* Exercise goal
Word for word, restate the lines of the listing below from the line with "Employment and Earnings" through the line with "Sherpa navy midi dress", and do not include the pictures.

* Given records
--------------------------------------------------
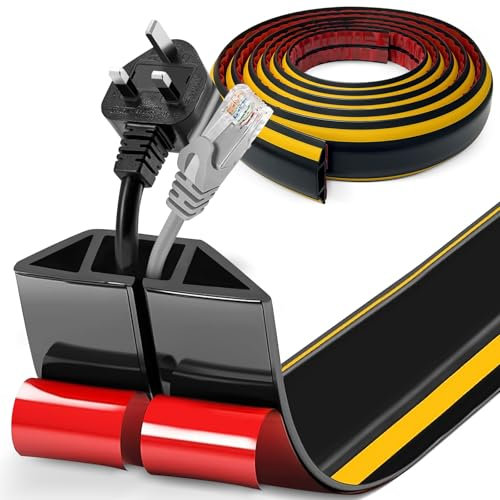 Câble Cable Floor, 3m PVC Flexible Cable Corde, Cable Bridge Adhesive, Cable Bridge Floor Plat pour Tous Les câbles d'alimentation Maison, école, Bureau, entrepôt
--------------------------------------------------
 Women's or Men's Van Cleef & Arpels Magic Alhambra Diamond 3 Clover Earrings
--------------------------------------------------
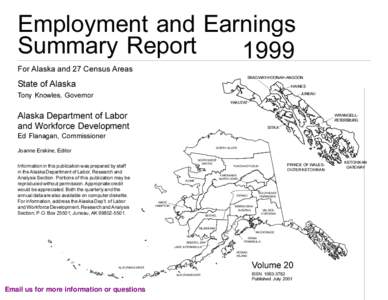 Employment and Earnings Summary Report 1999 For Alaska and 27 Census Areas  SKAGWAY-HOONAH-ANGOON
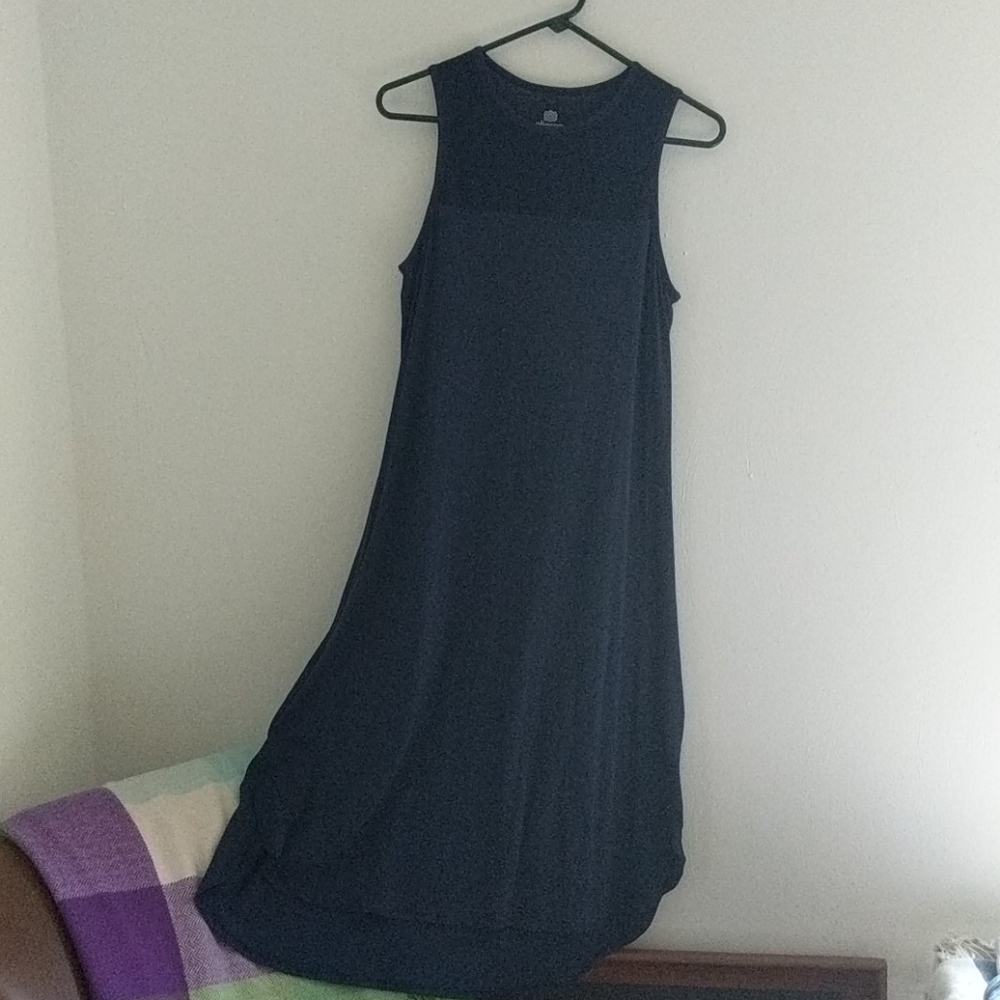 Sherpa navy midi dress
--------------------------------------------------
* Output below
 Employment and Earnings Summary Report 1999 For Alaska and 27 Census Areas  SKAGWAY-HOONAH-ANGOON
 Sherpa navy midi dress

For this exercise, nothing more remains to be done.